Directions
From the line containing "نائب أمير مكة" to the line containing "6801 Blazer con Banda" in the entries below, reproduce every line exactly, ends included. Nothing else belongs in the copy, and no pictures.

Material for this task
- - - - - - -
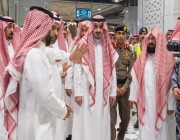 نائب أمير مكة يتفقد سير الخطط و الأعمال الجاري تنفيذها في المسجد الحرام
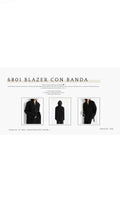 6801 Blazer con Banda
- - - - - - -
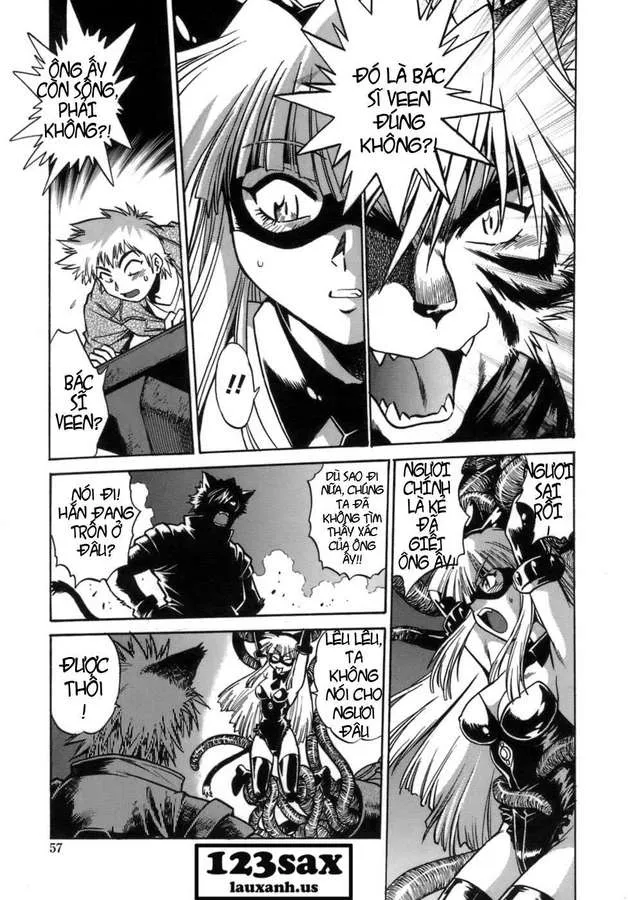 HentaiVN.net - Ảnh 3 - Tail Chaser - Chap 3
- - - - - - -
Answer to this task
 نائب أمير مكة يتفقد سير الخطط و الأعمال الجاري تنفيذها في المسجد الحرام
 6801 Blazer con Banda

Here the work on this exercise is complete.